▸ **Exercise directions**
From the entries below, list each line with "Accessories".

+++

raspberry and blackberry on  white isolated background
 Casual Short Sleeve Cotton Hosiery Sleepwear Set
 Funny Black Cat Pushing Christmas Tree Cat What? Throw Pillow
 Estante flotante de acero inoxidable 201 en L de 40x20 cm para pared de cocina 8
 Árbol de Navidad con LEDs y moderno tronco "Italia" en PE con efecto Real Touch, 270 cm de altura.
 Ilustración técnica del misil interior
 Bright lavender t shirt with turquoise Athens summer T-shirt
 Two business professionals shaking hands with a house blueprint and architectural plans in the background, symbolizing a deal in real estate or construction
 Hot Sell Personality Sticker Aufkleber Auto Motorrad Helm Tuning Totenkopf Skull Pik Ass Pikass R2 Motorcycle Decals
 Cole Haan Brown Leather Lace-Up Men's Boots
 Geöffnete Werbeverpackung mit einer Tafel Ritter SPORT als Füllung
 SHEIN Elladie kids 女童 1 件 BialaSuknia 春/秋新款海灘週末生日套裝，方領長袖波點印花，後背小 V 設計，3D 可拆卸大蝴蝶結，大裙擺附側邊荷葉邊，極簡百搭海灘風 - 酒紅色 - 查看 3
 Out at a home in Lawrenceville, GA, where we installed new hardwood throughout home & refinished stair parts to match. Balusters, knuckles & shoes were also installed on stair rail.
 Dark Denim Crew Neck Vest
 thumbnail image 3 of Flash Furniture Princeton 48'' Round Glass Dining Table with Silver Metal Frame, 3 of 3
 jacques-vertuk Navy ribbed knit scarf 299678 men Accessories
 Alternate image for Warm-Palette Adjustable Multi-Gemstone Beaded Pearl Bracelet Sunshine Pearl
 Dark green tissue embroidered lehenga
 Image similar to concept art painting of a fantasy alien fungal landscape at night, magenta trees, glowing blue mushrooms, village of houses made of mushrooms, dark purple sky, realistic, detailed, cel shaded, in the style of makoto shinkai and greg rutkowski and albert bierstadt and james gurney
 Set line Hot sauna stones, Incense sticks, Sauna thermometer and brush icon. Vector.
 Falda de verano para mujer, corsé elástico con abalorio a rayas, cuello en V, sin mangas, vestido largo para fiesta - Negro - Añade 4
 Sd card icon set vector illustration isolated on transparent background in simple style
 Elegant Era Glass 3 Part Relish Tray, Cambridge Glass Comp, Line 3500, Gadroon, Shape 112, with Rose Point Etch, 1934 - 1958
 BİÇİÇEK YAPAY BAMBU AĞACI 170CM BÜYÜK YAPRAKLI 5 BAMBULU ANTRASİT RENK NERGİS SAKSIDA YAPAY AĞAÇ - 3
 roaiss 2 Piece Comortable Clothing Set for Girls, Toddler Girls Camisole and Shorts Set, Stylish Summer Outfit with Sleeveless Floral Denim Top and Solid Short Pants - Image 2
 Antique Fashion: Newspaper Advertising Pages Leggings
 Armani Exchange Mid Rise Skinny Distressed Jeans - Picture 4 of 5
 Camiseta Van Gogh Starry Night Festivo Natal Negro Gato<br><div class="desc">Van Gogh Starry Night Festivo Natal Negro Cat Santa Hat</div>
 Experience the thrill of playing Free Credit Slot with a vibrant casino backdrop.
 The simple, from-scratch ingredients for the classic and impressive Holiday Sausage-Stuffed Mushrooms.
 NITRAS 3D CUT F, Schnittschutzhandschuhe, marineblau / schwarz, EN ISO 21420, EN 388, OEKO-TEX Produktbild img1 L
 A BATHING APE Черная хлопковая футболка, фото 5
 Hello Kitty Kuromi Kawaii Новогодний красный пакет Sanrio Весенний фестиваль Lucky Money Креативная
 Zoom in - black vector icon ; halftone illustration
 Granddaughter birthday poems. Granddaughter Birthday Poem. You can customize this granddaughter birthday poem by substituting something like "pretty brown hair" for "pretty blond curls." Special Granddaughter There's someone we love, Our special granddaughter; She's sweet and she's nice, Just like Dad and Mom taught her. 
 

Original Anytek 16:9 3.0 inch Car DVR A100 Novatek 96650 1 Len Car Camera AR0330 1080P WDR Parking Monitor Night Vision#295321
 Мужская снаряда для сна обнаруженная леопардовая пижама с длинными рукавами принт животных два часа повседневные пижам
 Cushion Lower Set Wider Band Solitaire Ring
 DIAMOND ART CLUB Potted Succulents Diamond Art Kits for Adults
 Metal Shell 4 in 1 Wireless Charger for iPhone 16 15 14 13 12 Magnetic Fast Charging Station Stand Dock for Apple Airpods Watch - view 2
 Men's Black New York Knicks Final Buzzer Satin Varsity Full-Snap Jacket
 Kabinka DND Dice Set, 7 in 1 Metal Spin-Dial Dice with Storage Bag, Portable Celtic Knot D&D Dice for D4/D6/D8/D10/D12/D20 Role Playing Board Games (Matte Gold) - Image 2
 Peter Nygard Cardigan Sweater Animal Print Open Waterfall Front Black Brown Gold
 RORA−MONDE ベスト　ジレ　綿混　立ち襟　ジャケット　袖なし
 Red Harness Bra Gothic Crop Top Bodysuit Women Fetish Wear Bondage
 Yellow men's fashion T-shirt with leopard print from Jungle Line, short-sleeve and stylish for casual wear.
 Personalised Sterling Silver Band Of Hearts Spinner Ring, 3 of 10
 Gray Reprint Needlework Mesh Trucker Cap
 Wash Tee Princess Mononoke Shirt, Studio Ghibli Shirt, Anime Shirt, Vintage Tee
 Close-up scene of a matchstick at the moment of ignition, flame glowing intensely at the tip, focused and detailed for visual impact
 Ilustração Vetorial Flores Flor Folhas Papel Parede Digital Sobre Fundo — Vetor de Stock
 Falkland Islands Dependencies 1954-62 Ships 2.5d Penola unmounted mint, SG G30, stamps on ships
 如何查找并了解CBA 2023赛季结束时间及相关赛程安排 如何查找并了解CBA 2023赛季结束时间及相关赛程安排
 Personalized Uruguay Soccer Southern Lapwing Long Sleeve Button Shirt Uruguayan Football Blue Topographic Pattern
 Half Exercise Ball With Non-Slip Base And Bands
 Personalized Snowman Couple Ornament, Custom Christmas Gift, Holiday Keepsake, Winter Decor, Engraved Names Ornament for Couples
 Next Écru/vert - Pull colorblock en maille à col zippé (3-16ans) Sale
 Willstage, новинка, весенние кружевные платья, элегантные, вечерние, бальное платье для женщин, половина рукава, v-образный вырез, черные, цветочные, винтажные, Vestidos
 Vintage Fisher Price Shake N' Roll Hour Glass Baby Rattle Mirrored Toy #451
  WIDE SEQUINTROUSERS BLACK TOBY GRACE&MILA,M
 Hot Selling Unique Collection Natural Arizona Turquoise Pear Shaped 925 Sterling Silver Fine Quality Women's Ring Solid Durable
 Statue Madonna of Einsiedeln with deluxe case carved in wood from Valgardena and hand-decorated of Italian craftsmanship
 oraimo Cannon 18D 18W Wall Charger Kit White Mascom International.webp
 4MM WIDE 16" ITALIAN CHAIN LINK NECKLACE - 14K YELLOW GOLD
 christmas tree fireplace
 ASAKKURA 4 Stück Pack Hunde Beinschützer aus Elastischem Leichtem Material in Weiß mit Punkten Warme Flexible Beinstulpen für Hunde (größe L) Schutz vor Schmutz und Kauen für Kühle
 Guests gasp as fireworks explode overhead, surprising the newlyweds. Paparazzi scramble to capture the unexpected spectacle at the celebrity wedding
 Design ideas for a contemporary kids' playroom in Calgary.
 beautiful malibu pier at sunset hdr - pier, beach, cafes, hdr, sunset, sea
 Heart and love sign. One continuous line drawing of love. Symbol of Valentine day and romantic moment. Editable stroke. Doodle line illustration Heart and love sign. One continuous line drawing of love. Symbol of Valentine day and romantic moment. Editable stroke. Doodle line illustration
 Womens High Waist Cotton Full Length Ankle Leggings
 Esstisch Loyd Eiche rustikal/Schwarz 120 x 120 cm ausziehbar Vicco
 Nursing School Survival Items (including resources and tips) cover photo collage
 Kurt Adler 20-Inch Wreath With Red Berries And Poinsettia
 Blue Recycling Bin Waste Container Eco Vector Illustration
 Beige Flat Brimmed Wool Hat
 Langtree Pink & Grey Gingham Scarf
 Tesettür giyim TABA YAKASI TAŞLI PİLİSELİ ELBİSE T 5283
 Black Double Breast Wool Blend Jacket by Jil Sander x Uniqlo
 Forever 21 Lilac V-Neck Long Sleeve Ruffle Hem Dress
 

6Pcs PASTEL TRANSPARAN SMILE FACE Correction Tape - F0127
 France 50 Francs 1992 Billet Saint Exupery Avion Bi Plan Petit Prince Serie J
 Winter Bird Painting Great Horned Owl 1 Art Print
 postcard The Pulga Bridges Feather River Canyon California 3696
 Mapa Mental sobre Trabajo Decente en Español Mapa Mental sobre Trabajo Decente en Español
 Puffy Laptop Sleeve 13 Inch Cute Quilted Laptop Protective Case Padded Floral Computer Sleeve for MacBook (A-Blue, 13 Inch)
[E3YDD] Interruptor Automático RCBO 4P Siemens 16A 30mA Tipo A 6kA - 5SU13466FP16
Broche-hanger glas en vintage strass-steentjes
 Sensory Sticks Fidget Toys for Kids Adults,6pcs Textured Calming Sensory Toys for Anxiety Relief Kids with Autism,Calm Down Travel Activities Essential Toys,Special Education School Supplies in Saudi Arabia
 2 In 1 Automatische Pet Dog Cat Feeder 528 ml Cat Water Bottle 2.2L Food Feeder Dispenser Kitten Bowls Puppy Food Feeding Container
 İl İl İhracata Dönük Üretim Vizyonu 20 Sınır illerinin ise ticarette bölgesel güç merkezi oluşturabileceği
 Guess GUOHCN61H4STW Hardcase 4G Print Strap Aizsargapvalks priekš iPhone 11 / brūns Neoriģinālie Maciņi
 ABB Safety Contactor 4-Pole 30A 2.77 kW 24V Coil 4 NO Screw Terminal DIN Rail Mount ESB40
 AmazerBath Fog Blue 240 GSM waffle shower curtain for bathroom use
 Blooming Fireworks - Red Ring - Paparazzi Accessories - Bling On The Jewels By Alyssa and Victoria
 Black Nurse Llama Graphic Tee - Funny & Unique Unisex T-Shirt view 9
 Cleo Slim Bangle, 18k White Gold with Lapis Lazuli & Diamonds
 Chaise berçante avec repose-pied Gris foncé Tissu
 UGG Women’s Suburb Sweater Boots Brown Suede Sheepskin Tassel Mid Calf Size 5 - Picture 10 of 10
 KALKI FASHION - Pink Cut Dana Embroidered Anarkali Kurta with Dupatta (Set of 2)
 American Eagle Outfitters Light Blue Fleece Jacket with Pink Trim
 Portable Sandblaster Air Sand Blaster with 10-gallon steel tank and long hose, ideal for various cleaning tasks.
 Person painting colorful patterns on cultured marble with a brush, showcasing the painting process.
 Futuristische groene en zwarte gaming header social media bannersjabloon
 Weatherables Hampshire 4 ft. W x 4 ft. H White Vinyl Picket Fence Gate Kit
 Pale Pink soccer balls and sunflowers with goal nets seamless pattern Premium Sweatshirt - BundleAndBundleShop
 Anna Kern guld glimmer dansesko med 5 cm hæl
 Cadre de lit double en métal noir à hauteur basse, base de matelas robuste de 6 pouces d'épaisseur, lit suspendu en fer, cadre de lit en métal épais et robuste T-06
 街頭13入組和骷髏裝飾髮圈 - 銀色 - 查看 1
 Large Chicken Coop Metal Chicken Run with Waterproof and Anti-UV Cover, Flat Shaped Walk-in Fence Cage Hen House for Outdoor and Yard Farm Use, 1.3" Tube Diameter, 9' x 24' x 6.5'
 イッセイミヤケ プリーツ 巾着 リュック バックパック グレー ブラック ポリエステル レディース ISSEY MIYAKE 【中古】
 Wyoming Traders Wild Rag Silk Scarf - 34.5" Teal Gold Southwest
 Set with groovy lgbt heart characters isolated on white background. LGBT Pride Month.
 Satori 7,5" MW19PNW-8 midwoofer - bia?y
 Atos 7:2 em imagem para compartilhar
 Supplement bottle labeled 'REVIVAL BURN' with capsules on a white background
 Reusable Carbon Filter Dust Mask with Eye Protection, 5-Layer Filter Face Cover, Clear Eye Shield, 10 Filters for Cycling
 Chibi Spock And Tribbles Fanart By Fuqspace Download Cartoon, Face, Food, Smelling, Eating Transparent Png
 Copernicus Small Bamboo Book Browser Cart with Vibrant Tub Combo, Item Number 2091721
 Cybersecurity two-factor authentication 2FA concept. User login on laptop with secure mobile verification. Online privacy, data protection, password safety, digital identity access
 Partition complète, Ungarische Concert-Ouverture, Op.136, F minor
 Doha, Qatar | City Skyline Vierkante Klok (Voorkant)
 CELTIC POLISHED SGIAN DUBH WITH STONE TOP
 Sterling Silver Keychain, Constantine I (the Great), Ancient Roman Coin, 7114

+++

▸ **Final answer**
 jacques-vertuk Navy ribbed knit scarf 299678 men Accessories
 Blooming Fireworks - Red Ring - Paparazzi Accessories - Bling On The Jewels By Alyssa and Victoria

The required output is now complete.